In the 1970s structuralism was extended, in a loose and for the most part programmatic fashion, into Anglophone human geography as part of the critique of empiricism and positivism that characterized modern spatial science (Tuan, 1972; Harvey, 1973; Marchand, 1974; Sayer, 1976; Gregory, 1978). In general, and in part in consequence, most human geographers came to recognize the importance of clarifying the theoretical status of the constructs with which they worked: there was a widespread acknowledgement that the \'facts\' did not \'speak for themselves\' and that all empirical inquiry required a keen theoretical sensibility.
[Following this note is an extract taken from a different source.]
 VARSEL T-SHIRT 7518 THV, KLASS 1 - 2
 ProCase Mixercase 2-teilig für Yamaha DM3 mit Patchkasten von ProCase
That sensibility often entailed a suspicion about voluntarism — many geographers doubted that social life could be explained in terms of the unbounded capacities of human agency — and this was given a political edge by those who believed that structures of various sorts constrained and shaped the outcomes of human actions over space. For this reason, many human geographers adopted various \'depth models\' of landscapes, space-economies and spatial systems in order to look \'beneath\' the taken-for-granted categories by means of which social life was usually comprehended. As the 1970s turned into the 1980s, however, these inquiries increasingly relied on the philosophy of realism rather than structuralism, and the most common theoretical tools used to dissect the surfaces of the social world were probably drawn from political economy rather than literary theory, anthropology or psychology. It was not until the end of the 1980s and the beginning of the 1990s that those three fields assumed a greater prominence, largely as a result of the rise of a feminist geography and the reinvigoration of cultural geography, both of which have been informed by versions of post-structuralism which, even as they seek to move beyond structuralism, nonetheless typically retain that tradition\'s deep interest in language and discourse and its profound suspicion of humanism (see anti-humanism). (DG)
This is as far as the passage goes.